Clara Barros/ Contributing Writer
Women’s liberation. The end of racism. Immigration rights. LGBTQ equality. All of these struggles have been strongly associated with securing people’s civil rights. Many have fought against oppression on the basis of gender, sexual orientation, race, nationality and creed, but there’s something very important that is often left out of the picture: class.
Take Hillary Clinton, for example. It is striking — and telling — that so many progressive people have taken her as the epitome of women’s liberation, a true feminist icon. The would-be first female president of the United States campaigned with promises to defend women’s interests, but which women? Can we say Clinton has the same interests as Libyan, Syrian and Afghanistan women — countries Clinton has helped devastate — and even American working-class women?
Or take Robert F. Smith, the second richest black individual in the United States. Can we say that Smith, who has accumulated $3.3 billion and navigated through Microsoft, Apple and Goldman-Sachs, shares the same interests as a black Haitian garment worker who earns around five dollars a day — one of the lowest wages in Latin America?

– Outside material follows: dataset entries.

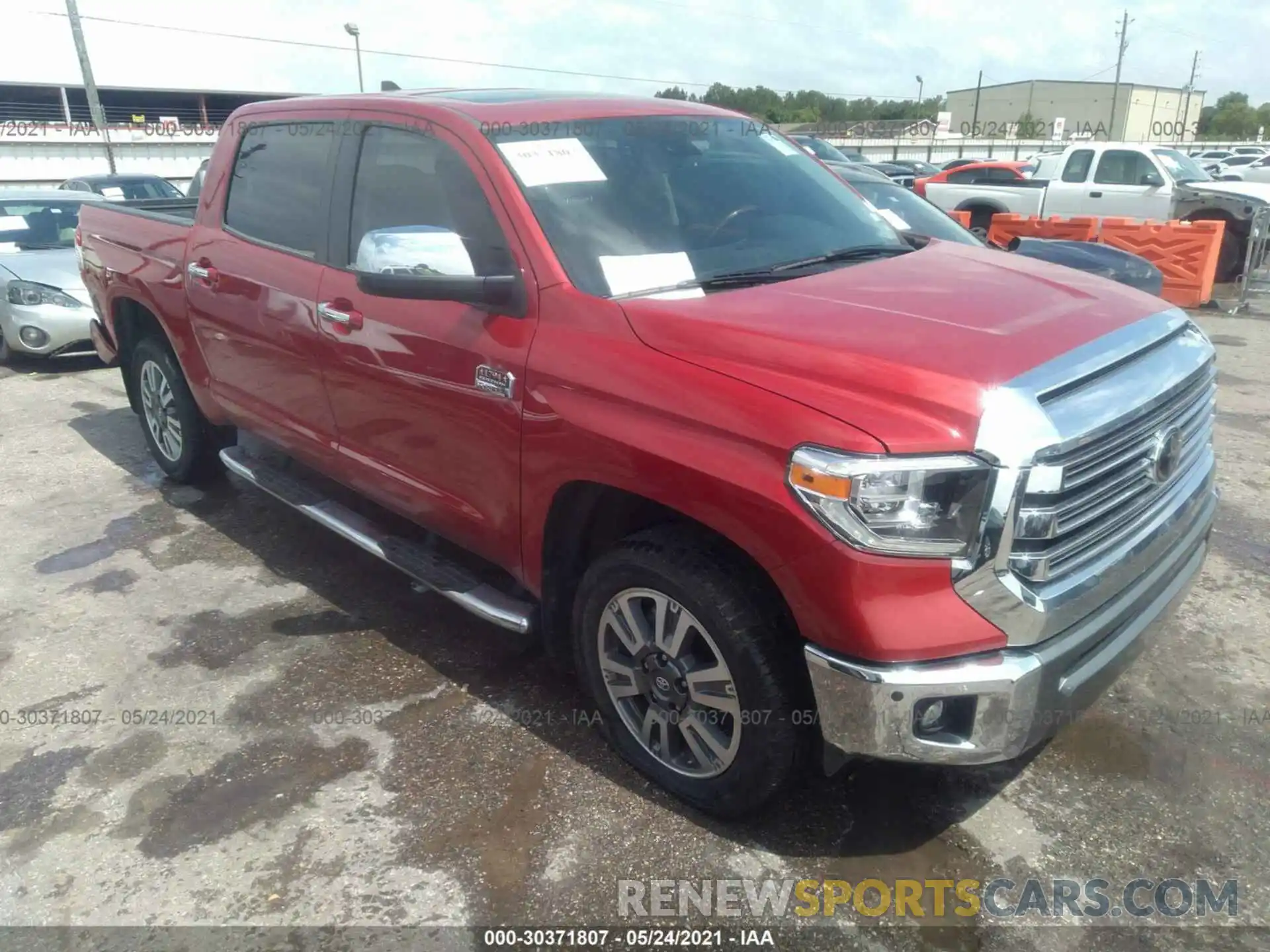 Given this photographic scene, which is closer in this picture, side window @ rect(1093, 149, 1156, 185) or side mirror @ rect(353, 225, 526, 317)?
side mirror @ rect(353, 225, 526, 317)

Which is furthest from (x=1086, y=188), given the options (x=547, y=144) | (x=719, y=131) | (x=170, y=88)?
(x=170, y=88)

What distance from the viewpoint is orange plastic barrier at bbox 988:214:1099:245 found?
1173 cm

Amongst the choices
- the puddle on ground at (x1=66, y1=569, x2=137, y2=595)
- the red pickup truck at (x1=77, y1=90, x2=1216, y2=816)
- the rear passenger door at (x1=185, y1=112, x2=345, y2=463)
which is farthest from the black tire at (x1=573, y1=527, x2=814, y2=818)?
the puddle on ground at (x1=66, y1=569, x2=137, y2=595)

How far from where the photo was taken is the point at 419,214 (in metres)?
3.34

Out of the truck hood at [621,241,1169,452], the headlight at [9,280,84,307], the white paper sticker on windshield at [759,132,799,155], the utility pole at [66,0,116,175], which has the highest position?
the utility pole at [66,0,116,175]

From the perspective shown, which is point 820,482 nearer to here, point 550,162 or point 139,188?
point 550,162

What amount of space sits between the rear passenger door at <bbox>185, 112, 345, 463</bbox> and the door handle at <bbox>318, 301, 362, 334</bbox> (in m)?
0.08

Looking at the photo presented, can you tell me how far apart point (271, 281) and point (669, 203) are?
1732 millimetres

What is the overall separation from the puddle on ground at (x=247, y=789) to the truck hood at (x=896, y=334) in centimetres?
170

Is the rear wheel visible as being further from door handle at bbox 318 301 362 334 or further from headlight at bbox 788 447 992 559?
headlight at bbox 788 447 992 559

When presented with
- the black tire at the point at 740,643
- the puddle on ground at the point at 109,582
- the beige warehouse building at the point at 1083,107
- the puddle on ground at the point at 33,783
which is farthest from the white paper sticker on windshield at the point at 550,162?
the beige warehouse building at the point at 1083,107

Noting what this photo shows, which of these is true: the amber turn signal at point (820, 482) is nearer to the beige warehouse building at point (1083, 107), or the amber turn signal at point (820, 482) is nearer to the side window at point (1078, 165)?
the side window at point (1078, 165)

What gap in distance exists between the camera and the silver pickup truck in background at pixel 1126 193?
40.2 ft

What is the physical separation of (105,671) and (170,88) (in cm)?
→ 5993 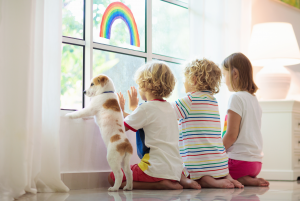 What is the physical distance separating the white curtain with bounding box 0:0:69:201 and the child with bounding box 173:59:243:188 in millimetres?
786

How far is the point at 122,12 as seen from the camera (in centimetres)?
254

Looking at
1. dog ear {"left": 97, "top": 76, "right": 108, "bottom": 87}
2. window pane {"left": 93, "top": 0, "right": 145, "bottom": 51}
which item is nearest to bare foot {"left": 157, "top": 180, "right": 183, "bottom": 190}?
dog ear {"left": 97, "top": 76, "right": 108, "bottom": 87}

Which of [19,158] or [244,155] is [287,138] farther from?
[19,158]

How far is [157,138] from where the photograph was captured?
1.93m

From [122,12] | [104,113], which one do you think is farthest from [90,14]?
[104,113]

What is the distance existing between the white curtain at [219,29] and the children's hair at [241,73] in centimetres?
60

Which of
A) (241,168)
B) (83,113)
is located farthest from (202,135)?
(83,113)

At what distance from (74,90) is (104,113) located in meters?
0.45

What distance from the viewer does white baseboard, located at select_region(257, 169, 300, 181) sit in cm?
293

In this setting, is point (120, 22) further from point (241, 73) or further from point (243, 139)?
point (243, 139)

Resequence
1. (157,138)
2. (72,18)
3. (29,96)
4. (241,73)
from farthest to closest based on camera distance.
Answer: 1. (241,73)
2. (72,18)
3. (157,138)
4. (29,96)

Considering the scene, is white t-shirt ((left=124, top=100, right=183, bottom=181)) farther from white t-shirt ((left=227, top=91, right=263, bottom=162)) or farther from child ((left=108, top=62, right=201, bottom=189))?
white t-shirt ((left=227, top=91, right=263, bottom=162))

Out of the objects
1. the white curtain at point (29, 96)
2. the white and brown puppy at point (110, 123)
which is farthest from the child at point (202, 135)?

When we erase class dynamics, we bypass and forget the fact that we don’t just live in an unequal society — we live in a deeply antagonistic one.
Watchwords like equality, inclusion, representation and pluralism are important, but we can’t pretend that systemic oppressions will be ended only by placing the oppressed in positions of power, or by spreading tolerance and acceptance of other identities.
Things like poverty and institutional racism aren’t challenges that can be overcome just by cooperation — they’re intrinsically linked to the antagonistic interests of social classes, both within nations and across the globe.
This past year, Puerto Rico and immigration were hot topics. After the devastation caused by Hurricanes Irma and Maria, people’s attention were brought to Puerto Ricans’ civil rights as they protested being treated as second-class American citizens, according to CBS.
Few raised a debate about foundational problems: why was the island’s infrastructure so poor in first place? Why was the country buried in debt?
It turns out that these were consequences of centuries of colonialism and imperialism in the island, carried out initially by Spain for gold extraction and, from 1898 to today, by the U.S. for cheap raw materials and exploited labor. It all comes down to class and capital.
As Martin Luther King Jr. Day approaches, here’s what we should remember: it’s not enough to simply extend rights to minorities and historically-oppressed people, while maintaining our economic and political structures intact.
King, who is probably the most iconic civil rights defender in the history of the U.S., said it himself: “You can’t talk about solving the economic problem of the Negro without talking about billions of dollars. You can’t talk about ending the slums without first saying profit must be taken out of slums.”